The state has tried to change the language of instruction in its primary and secondary schools from English to Tamil or Sinhala. By the 1960s, the vernacular languages were the primary medium in all government secondary schools. In the 1980s, English remained, however, an important key to advancement in technical and professional careers, and there was still competition among well-to-do families to place members in private English-language programs in urban areas. Ethnic minorities long associated with European-style education still formed a large percentage of the English-speaking elite. In the 1980s, for example, almost 80 percent of the Burghers knew English, while among the Sinhalese the English-speakers comprised only 12 percent.

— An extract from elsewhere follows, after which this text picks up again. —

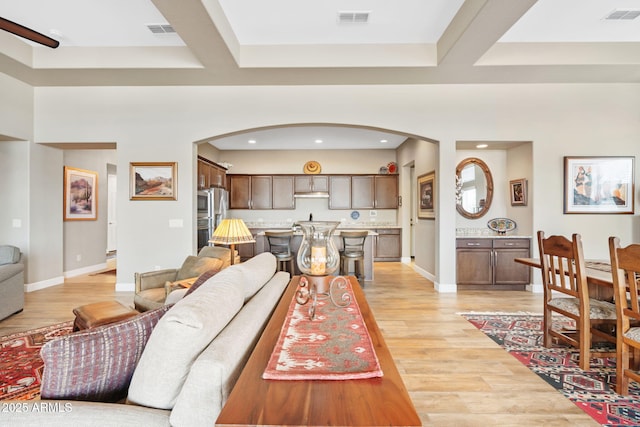 living room featuring beam ceiling, coffered ceiling, and light wood-type flooring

Children from age five to ten attend primary school; from age eleven to fifteen they attend junior secondary school (terminating in Ordinary Level Examination); and from age sixteen to seventeen they attend senior secondary school (terminating in the Advanced Level Examination). Those who qualify can go on to the university system, which is totally state-run. In the late 1980s, there were 8 universities and 1 university college with over 18,000 students in 28 faculties, plus 2,000 graduate and certificate students. The university system included the University of Peradeniya, about six kilometers from Kandy, formed between 1940 and 1960; the universities of Vidyalankara and Vidyodaya, formed in the 1950s and 1960s from restructured pirivena; the College of Advanced Technology in Katubedda, Colombo District, formed in the 1960s; the Colombo campus of the University of Ceylon, created in 1967; the University of Ruhunu (1979); and Batticaloa University College (1981). There was also the Buddhist and Pali University of Sri Lanka, established in Colombo in 1982.

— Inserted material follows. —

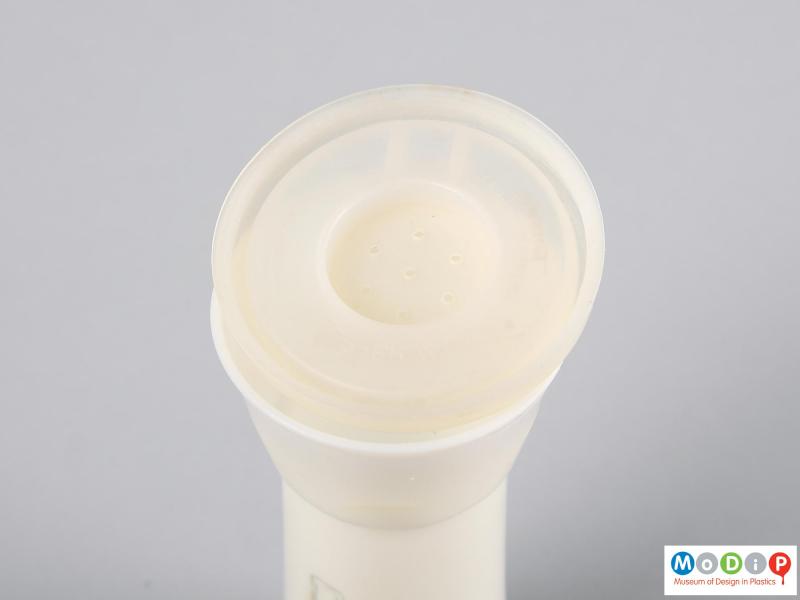 Top view of a salt shaker showing the underside of the lid.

Among the major problems still facing the educational system in the late 1980s were a serious dropout rate in the primary grades and a continuing bias toward urban environments at the expense of the countryside. The median level of educational attainment in Sri Lanka was somewhere between grades 5 and 9, and almost 40 percent of the students dropped out of school after 9 years. The reasons were not hard to discern in a primarily agricultural society, where many young people were more urgently needed in the fields or at home than in school once they had achieved an operational level of literacy and arithmetic skills. Many urban youth from low-income backgrounds also dropped out at an early age. This pattern provided two-thirds of the students with an education through grade 5 but less than 10 percent of the population with a high school degree and less than 1 percent with a college diploma. Despite government efforts in the 1980s to expand opportunities for youth from rural areas and more sparsely inhabited districts, the pressures for early dropout were more pressing in precisely those areas where illiteracy was most prevalent. In Colombo, for example, the overall literacy rate was 94 percent in 1988, while in Amparai District it was only 75 percent. Rural schools were more widely scattered, with poor facilities and inadequate equipment, especially in the sciences. Teachers preferred not to work in the countryside, and many rural schools did not even go up to the level of twelfth grade.

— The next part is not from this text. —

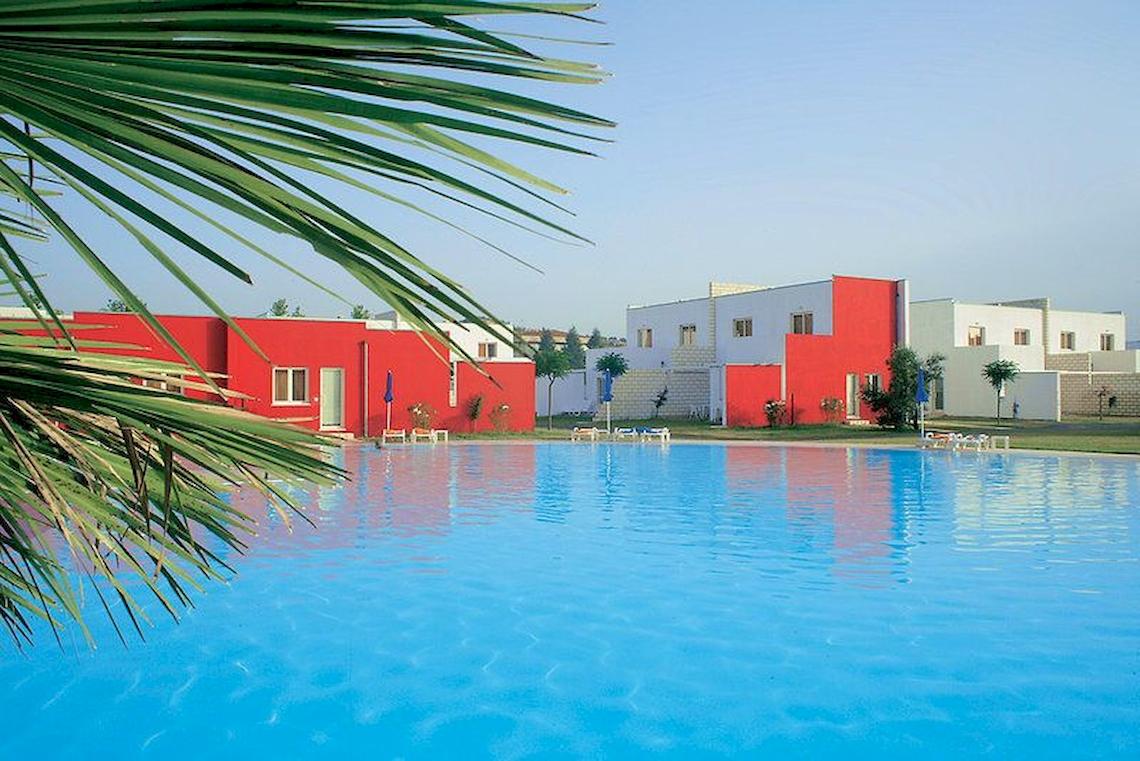 Ein großer Swimmingpool vor roten und weißen Gebäuden im Club Esse Sunbeach Village.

The most dynamic field in education during the 1970s and 1980s was technical training. In the late 1980s, the Ministry of Higher Education operated a network of twenty-seven technical colleges and affiliated institutes throughout the country. Courses led to national diplomas in accountancy, commerce, technology, agriculture, business studies, economics, and manufacture. Other government institutions, including the Railway, Survey, and Irrigation Departments, ran their own specialized training institutes. The Ministry of Labour had three vocational and craft training institutes. The number of students in all state-run technical institutes by the mid-1980s was 22,000. In addition, the government operated schools of agriculture in four locations, as well as practical farm schools in each district. A continuing problem in all fields of technical education was extreme gender differentiation in job training; women tended to enroll in home economics and teaching courses rather than in scientific disciplines.